**Exercise brief**
Repeat every line of the data exactly; the pictures stay out.

**Extracted records**

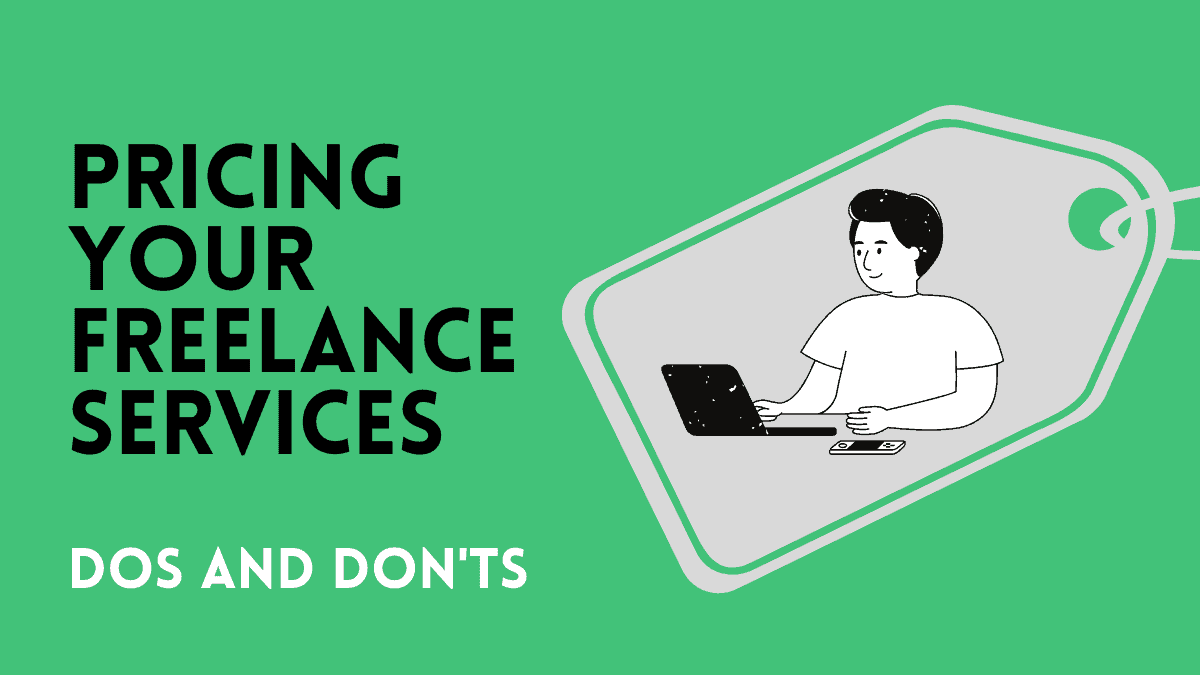 Pricing your freelance services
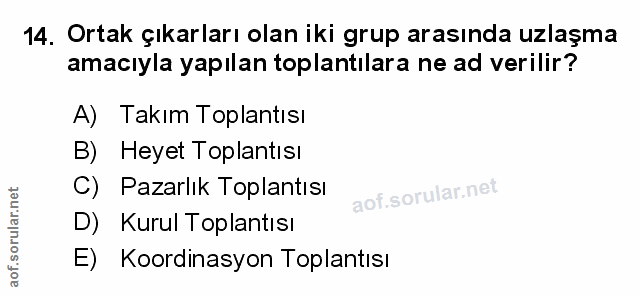 Soru 14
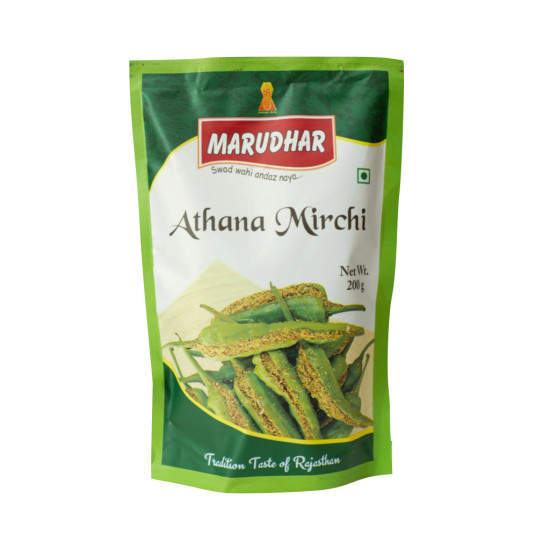 Marudhar Athana Hari Mirchi-400gm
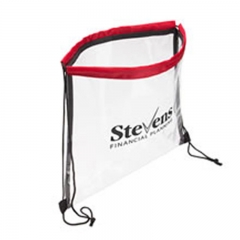 PVC Clear View Stadium Bag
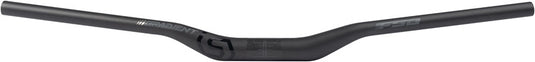 Full-Speed-Ahead-Gradient-Carbon-Riser-Handlebar-FRHB1675-MTB-Flat-Riser-Handlebar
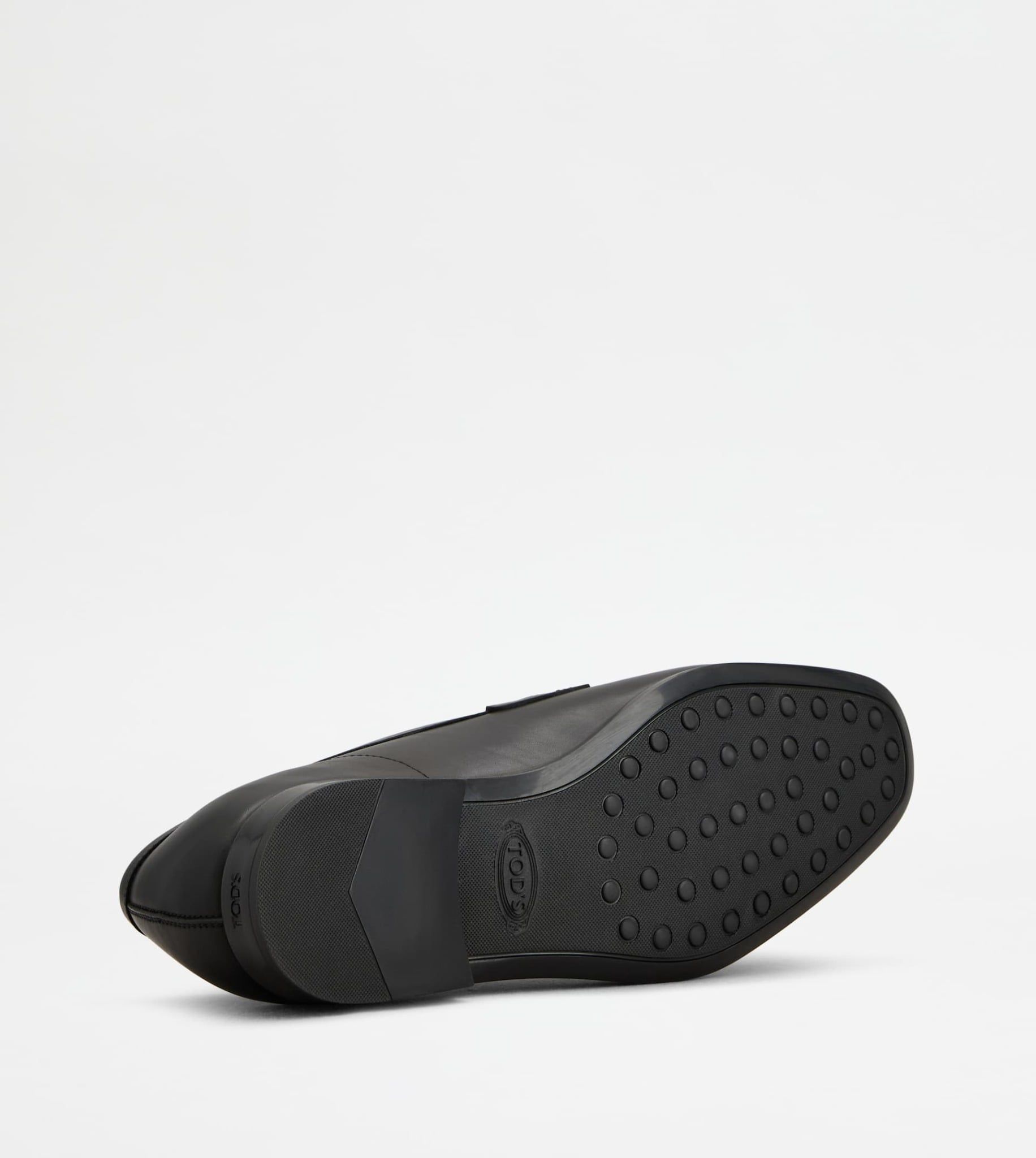  Giày Nam Tod's Loafers In Leather 'Black'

**Output**
 Pricing your freelance services
 Soru 14
 Marudhar Athana Hari Mirchi-400gm
 PVC Clear View Stadium Bag
 Full-Speed-Ahead-Gradient-Carbon-Riser-Handlebar-FRHB1675-MTB-Flat-Riser-Handlebar
  Giày Nam Tod's Loafers In Leather 'Black'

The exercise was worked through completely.